Hegge v. Hegge

VOGEL, Justice

(dissenting).

I dissent because I am not “left with a definite and firm conviction that a mistake has been committed” by the trial court. I fear a mistake is being made by the majority.

The Hegge marriage was star-crossed from its inception. The husband was 26 years old, a college graduate with two bachelor’s degrees, and employed as a research chemist. The wife was 19, working as a waitress, and a high school graduate. She had started a course intended to train her to become a dental assistant. Upon marriage, she dropped her plans for education, but never lost her desire for education. Because of a lack of funds, pregnancies, small children, and distance from educational institutions at various times, she was unable to pursue her education, even in the area of hobbies. Her husband once refused to let her take a 13-dollar knitting course. For years, the parties have had little or no communication, sexual or otherwise. Such social life as the wife had, including church activities, she had to arrange for herself. Her husband had none.

Nine years after marriage, the marriage a shambles, one child dead and the other taken from her, the wife has no marketable skill, except as a barmaid. Without alimony she could not afford to go back to school to learn to be anything but a barmaid.

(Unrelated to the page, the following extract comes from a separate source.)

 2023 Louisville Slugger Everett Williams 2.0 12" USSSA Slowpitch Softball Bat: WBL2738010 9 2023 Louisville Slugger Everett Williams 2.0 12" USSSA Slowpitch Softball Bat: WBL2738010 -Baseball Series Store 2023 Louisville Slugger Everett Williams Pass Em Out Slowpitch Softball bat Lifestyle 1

True, she is greatly responsible (perhaps entirely responsible, although I doubt it) for the breakup of the marriage. But she has made some contributions to her husband’s career. She took care of the children — all the witnesses admitted that she was a good mother except for her absences, and even while absent she made sure that a babysitter or her husband would be at home to care for the children. She worked for about six months during the marriage, at wages up to $700 per month. She cooked her husband’s meals and took care of the houses in which they lived. It was not her fault, any more than his, that they were incompatible.

The only substantial asset acquired by either party during the marriage is the increased earning power of the husband. It cannot be sold for a lump sum, but it has a great value.1 The wife contributed to its acquisition. There is nothing unfair about requiring him to make a reciprocal contribution toward her acquisition of a similar asset.

In an enormously difficult situation, I think the trial judge made a wise determination. If this court were to sustain his decision, as I think we should, the wife could go to school and make something of her shattered life. The husband, who has the earning ability to do so, could assist her for four years without great hardship and then be free of obligation. The decision of the majority of this court, reversing the award of alimony, probably will have the effect of depriving her of any further education and forcing her to continue in her present employment.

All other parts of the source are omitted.